Experiment with using a direct DB connection instead of an API for retrieve data for SSR
See original GitHub issueFor most of our pages, the explorer server code is doing one or more (up to 6) api calls to https://stacks-node-api.mainnet.stacks.co/
server-side which slows down dramatically our first server response.
We should avoid this pattern because it puts too much load on the explorer web server and users would experience degraded performance on the explorer as traffic increases (even if the api endpoint can handle it).
Example: 1000 users, each user requests the /txid page once, the explorer server itself requests 6 calls for each user and wait for each user for all the 6 requests to complete before returning a response to the user. That’s 6000 api call that can’t really leverage user caching as the cache would invalidate more often with more users, it consumes way more memory than necessary etc…
Had those api call been made client side those 6000 api call could be cached per user.
Reducing the load on the explorer server means it will be able to handle more with the same config or the config can be reduced to handle the same number of users.
(Note that nothing changes for the api because the api endpoint will still have to handle those 1000 * 6 requests)
My PR reduces the number of server-side api calls to a maximum of 1. This solution is a quick one and will give us good performance without much change in the code.
Ideally we should fetch the data directly from the db server side with a direct read-only connection to the same db that the api server is using. This way the explorer server will get all the data really fast and will return a response quickly. Besides we can leverage the SSR of nextjs and have great SEO.

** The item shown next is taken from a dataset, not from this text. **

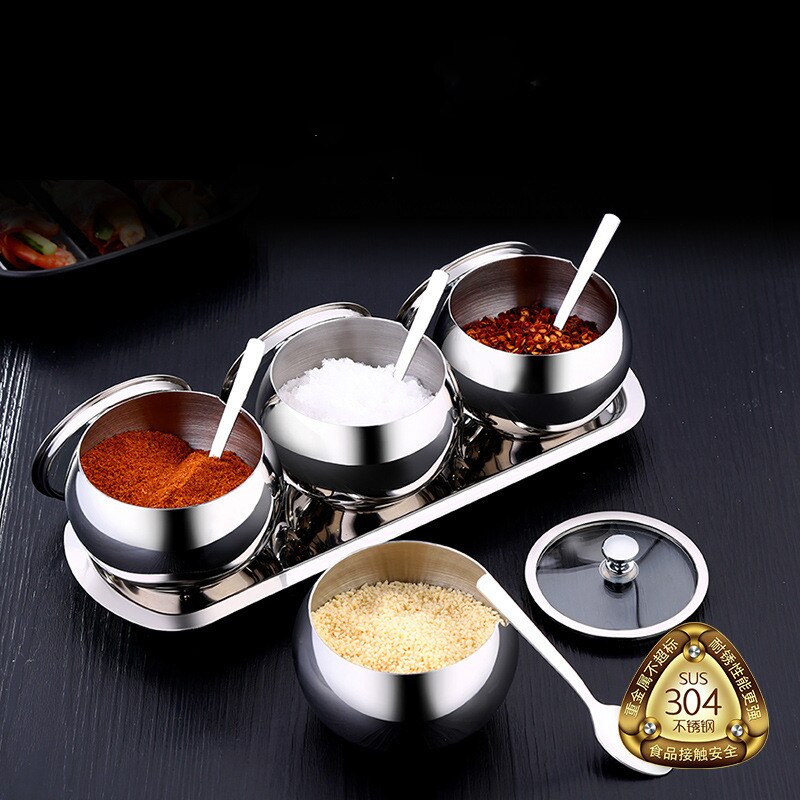 Kitchen Stainless Steel Sugar Bowl With Lid And Spoon Portable Sugar Box Container Cooking Seasoning Jar Storage Bottle WY72009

This task is to experiment with simple node db connection to the postgresql and check the performance and the amount of code that need to change. Note that those changes could be done in a progressive manner (say page per page) without changing the rest of the explorer code.
Issue Analytics
- State:
- Created a year ago
- Comments:11 (6 by maintainers)
Top GitHub Comments
Are there any reports showing the API is a cause of performance issues in the Explorer? The API is specifically designed to be as fast as possible at retrieving data from the DB with the Explorer being a prime usecase. What makes us believe the Explorer can do it better? Not trying to poke holes in this, just trying to understand the thought process around this 😄
Additionally during times of high traffic (e.g. during a mint), it’s been shown that the root cause/bottleneck is queries piling up in the database, rather than the API service itself. If this happens, the Explorer is going to experience the same slowdown whether it routes requests through the API or directly to the backend database.
The only way around this is to create a separate private API + DB deployment for Explorer SSR’s, and at that point it would be easier to simply route SSR traffic through the private API anyway.
I think reducing the amount of SSRs from 6 down to 1 in itself should yield massive performance improvements by an order of magnitude under heavy load, but it’s not clear to me that there would be any benefit to accessing the API database directly.
Maybe @zone117x or @rafaelcr can weigh in here if they have additional perspective I’m missing.
Just adding more context for the current setup. Generally at all times there will be multiple load-balanced instances of the Explorer running to serve requests, especially when traffic is high. So even if they do have support for a server-side cache, it’s not being shared across all Explorer instances. If someone reloads their address page, they’d likely hit a different Explorer instance, which may not have cached data to serve them.
Moving the caching efforts client-side should open the door to resolve this since we’d then be able to leverage their browser’s cache and perhaps Cloudflare’s cache. But if there’s still any server-side caching going on, we should look into leveraging a middle caching layer (e.g. Cloudflare), or implementing support for a shared cache view for the Explorer with something like Redis or memcached.